(Entries taken from a collection)

======

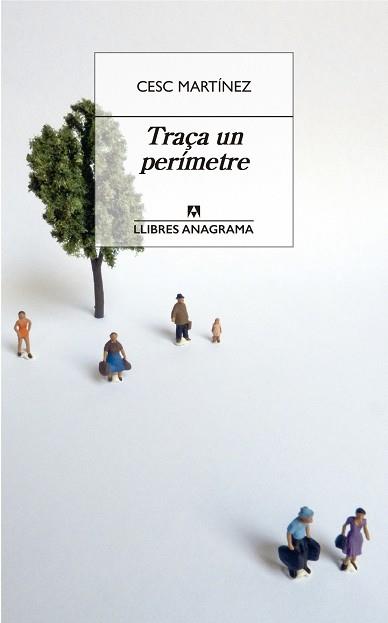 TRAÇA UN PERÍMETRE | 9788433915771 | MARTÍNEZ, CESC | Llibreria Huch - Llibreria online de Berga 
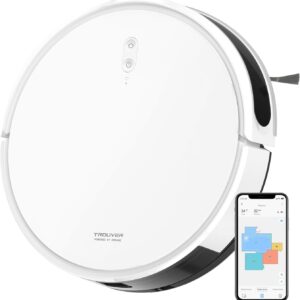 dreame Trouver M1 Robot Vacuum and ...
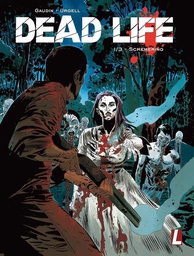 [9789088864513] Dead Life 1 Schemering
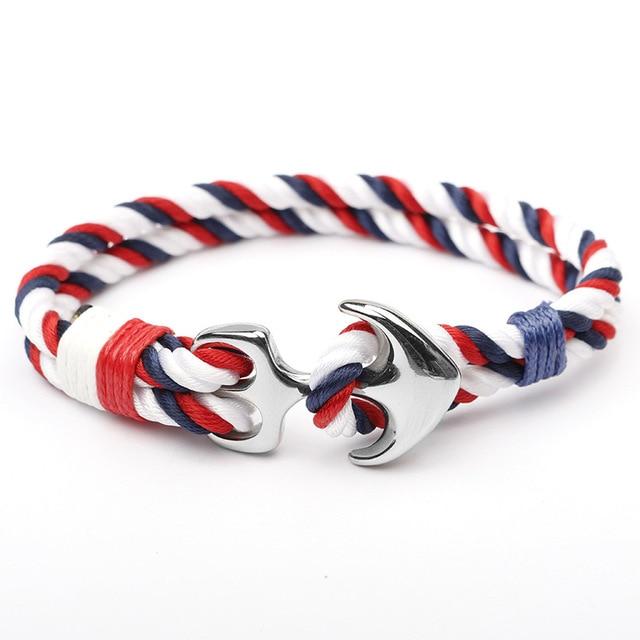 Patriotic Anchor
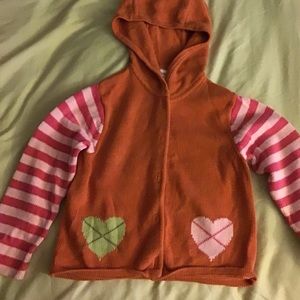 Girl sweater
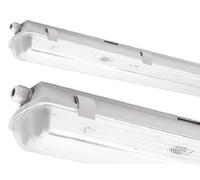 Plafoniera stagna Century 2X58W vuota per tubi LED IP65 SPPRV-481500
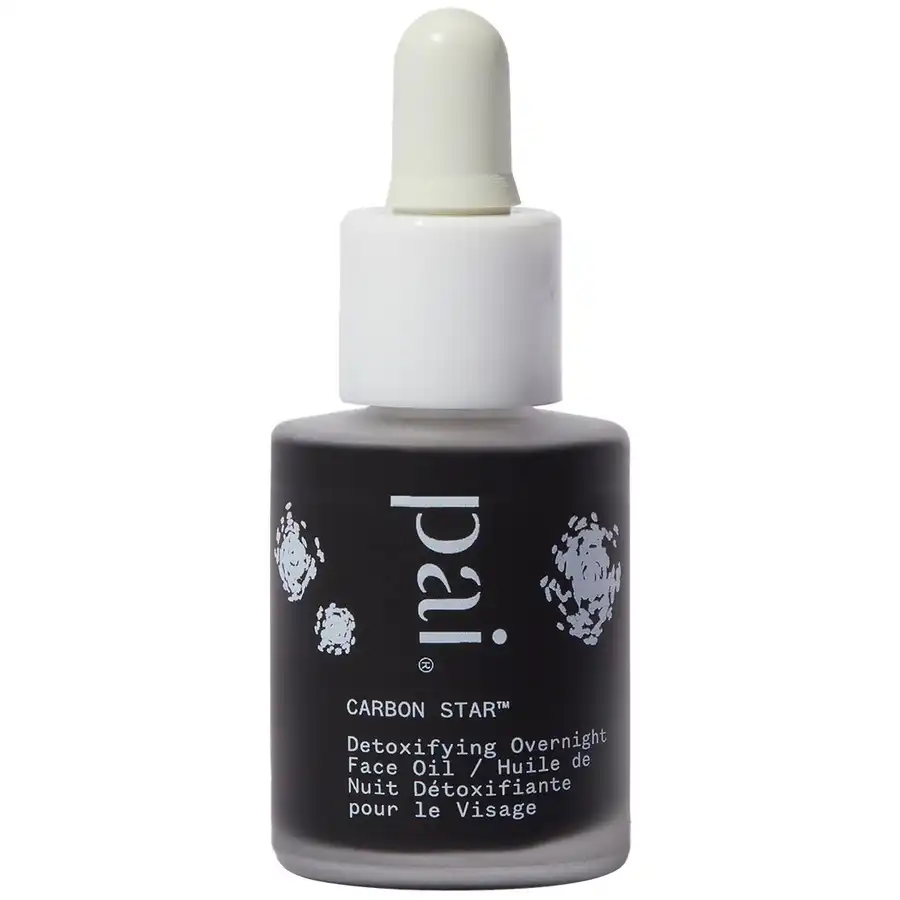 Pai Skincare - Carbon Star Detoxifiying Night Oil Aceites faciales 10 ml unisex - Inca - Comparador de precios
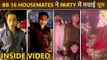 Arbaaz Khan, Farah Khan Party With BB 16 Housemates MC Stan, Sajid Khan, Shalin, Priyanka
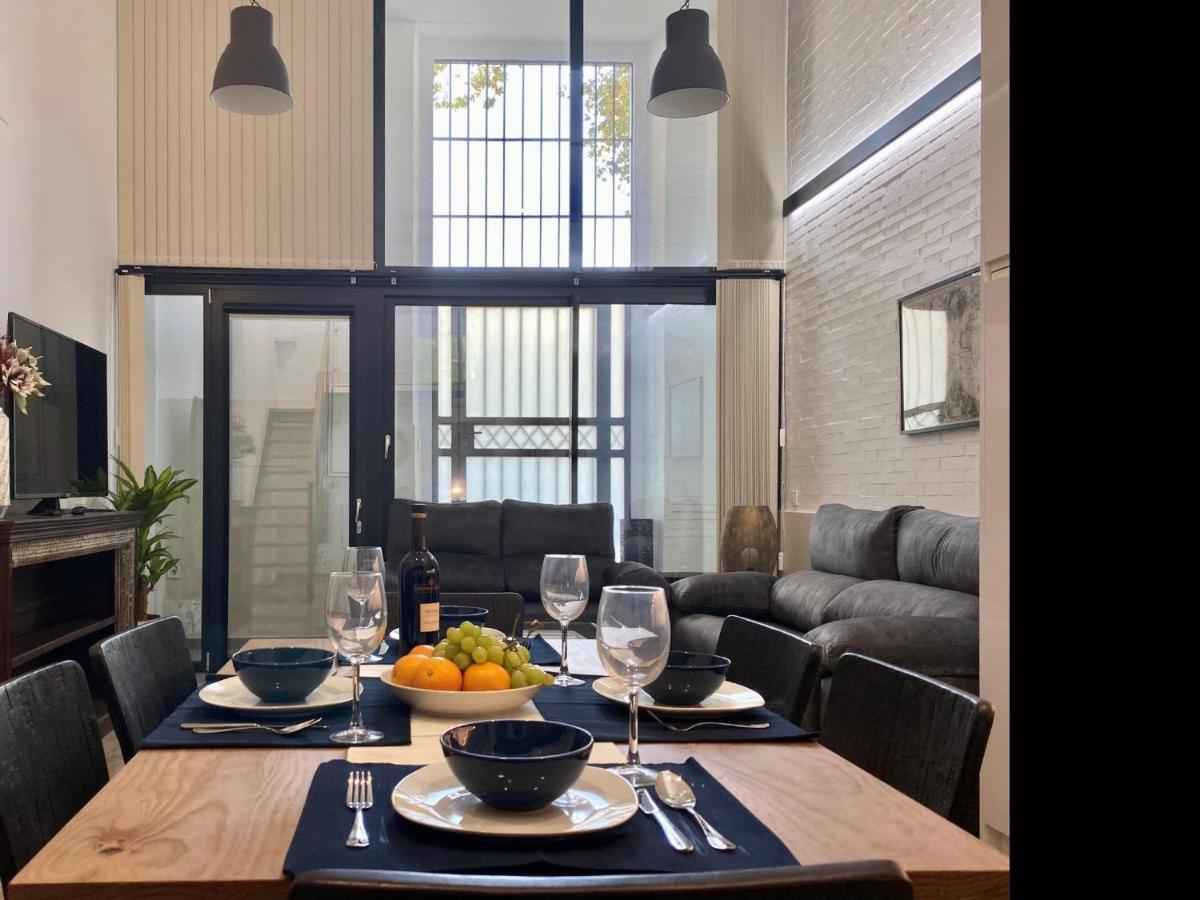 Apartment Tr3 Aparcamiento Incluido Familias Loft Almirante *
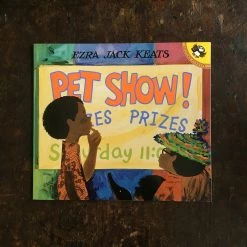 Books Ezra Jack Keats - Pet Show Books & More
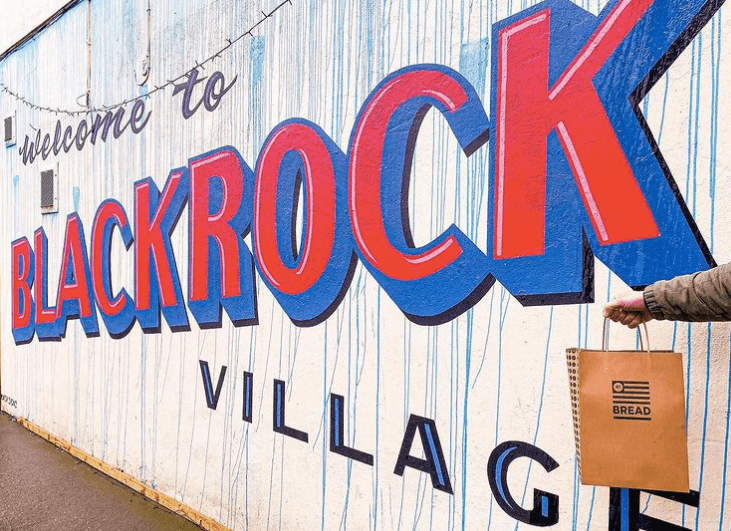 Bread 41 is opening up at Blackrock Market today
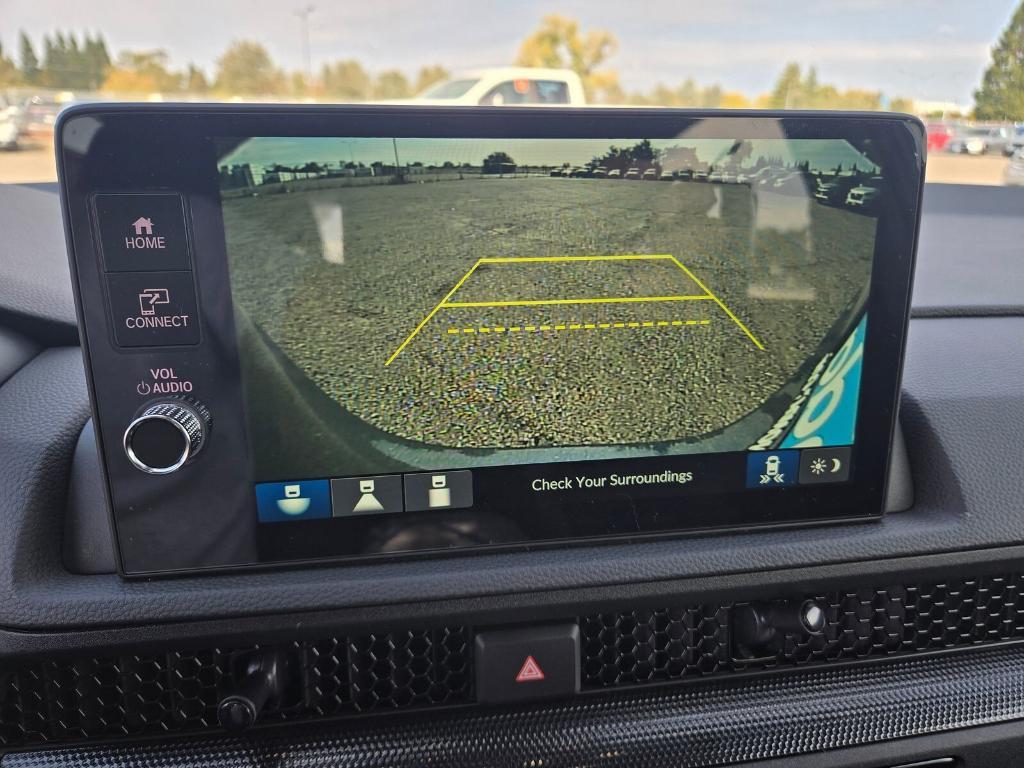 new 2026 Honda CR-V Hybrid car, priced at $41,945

======

- **The task**: Write out exactly, and only, the lines from the line holding "Pai Skincare - Carbon" through the end of the data, inclusive, without any pictures.

- **Response**:
 Pai Skincare - Carbon Star Detoxifiying Night Oil Aceites faciales 10 ml unisex - Inca - Comparador de precios
 Arbaaz Khan, Farah Khan Party With BB 16 Housemates MC Stan, Sajid Khan, Shalin, Priyanka
 Apartment Tr3 Aparcamiento Incluido Familias Loft Almirante *
 Books Ezra Jack Keats - Pet Show Books & More
 Bread 41 is opening up at Blackrock Market today
 new 2026 Honda CR-V Hybrid car, priced at $41,945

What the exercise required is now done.